Great pick up getting the Mert! Quite tall yet with a really classy profile.

That Fowler is a crazy steal at the asking price!


----------



## dwalker (Jun 9, 2019)

ThinMan said:


> Missed that guy entirely. On the list for next year.


You should definitely check him out. Fit and finish is top tier and prices are reasonable. There was a bit of a language barrier, but the blacksmith was in the booth and I was able to talk to him a bit. He has been at the show for at least 2 years and I hope to see him again next year.


----------



## dwalker (Jun 9, 2019)

milkbaby said:


> Great pick up getting the Mert! Quite tall yet with a really classy profile.
> 
> That Fowler is a crazy steal at the asking price!


Yeah, he forges the billet himself. His kitchen knives are nice and thin with good profiles.


----------



## Barclid (Jun 9, 2019)

dwalker said:


> You should definitely check him out. Fit and finish is top tier and prices are reasonable. There was a bit of a language barrier, but the blacksmith was in the booth and I was able to talk to him a bit. He has been at the show for at least 2 years and I hope to see him again next year.


He's from Takefu, but not the knife village. The single bevels at the booth were made by the other guy and they're made in Seki. He said some of those lines are discontinued but I forget which specifically.


----------



## Brucewml (Jun 9, 2019)

Curious how to order knife from Takeshi iwai. Is that possible let me know the website or contact details. Thanks so much.


----------



## ThinMan (Jun 10, 2019)

I brought two non knife friends to the show. One of them was hoping to buy a Takeda, but he didn’t make it this year (had a table but it was empty).

Instead he bought a Carter Muteki and made me and our other friend buy ones as well. 

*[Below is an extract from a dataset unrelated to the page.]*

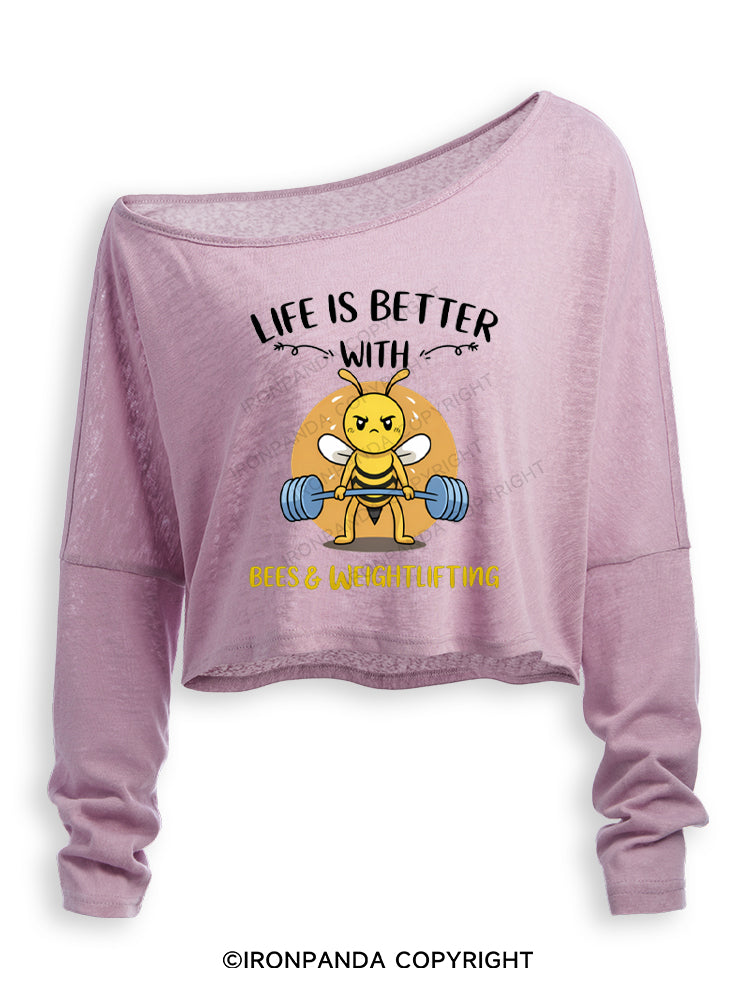 Life Is Better With Bees Weightlifting Off Shoulder Long Sleeve Crop Top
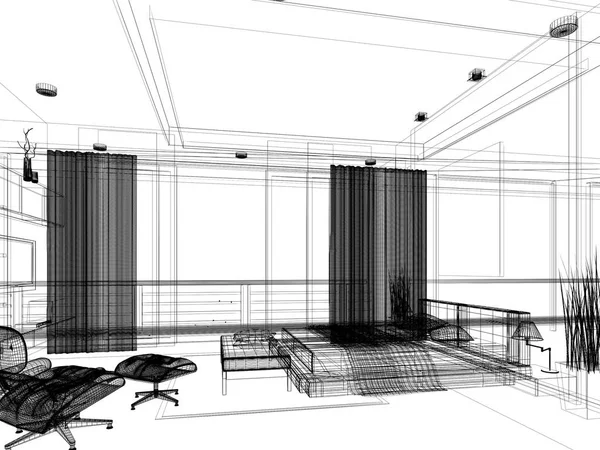 Streszczenie szkic projektu wnętrza sypialni, renderowania 3d — Zdjęcie stockowe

The two on the left are Ryan Cavallo and the one on the right is Jamison Chopp. The Cavallos are very thin and light. The Chopp is a bit heavier. 

We met Jamison and Murray and Alex Horn, which was cool.


----------



## dwalker (Jun 10, 2019)

Brucewml said:


> Curious how to order knife from Takeshi iwai. Is that possible let me know the website or contact details. Thanks so much.


I'll post what I have when I get home. I was told the double beveled gyutos, pettys, and such were available direct. He didn't tell me anything about some being discontinued.


----------



## Barclid (Jun 10, 2019)

dwalker said:


> I'll post what I have when I get home. I was told the double beveled gyutos, pettys, and such were available direct. He didn't tell me anything about some being discontinued.


He told us that only after we noticed a few of them were warped or had recurve. He said the migaki were discontinued.


----------



## dwalker (Jun 16, 2019)

Brucewml said:


> Curious how to order knife from Takeshi iwai. Is that possible let me know the website or contact details. Thanks so much.


Sorry for the delay. Here is some contact info.


----------



## Brucewml (Jun 16, 2019)

Awesome!!!!!! Thanks so much!!!!


----------



## osakajoe (Jun 17, 2019)

Note that the email and website on that card is for a wholesaler & online store, Yamahide, who mainly deal with custom outdoor knives.


----------